- [MATERIAL PROVIDED]:
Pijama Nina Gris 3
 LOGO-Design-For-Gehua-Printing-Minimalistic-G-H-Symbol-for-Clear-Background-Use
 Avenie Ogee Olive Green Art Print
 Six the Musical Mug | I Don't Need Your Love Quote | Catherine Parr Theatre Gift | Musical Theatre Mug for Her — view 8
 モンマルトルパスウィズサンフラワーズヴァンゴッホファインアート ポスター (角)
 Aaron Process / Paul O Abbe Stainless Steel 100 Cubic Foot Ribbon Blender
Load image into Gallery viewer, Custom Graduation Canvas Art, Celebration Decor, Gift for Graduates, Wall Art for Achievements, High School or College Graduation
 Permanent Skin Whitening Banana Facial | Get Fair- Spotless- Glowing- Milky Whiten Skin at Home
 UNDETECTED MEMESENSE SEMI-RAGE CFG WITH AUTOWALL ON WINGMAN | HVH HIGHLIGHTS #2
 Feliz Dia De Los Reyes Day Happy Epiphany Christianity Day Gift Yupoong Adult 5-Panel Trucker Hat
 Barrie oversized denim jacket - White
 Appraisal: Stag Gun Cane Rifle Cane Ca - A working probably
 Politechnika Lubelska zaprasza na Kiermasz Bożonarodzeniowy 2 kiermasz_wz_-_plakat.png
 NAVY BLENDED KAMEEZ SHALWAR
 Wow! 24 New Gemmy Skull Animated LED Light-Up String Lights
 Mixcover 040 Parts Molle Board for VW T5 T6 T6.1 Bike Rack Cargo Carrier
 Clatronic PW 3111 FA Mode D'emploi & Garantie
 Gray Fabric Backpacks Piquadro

- [PROBLEM DETAILS]: The answer must consist of every line above that contains the word "Gift".

- [RESULT]:
 Six the Musical Mug | I Don't Need Your Love Quote | Catherine Parr Theatre Gift | Musical Theatre Mug for Her — view 8
Load image into Gallery viewer, Custom Graduation Canvas Art, Celebration Decor, Gift for Graduates, Wall Art for Achievements, High School or College Graduation
 Feliz Dia De Los Reyes Day Happy Epiphany Christianity Day Gift Yupoong Adult 5-Panel Trucker Hat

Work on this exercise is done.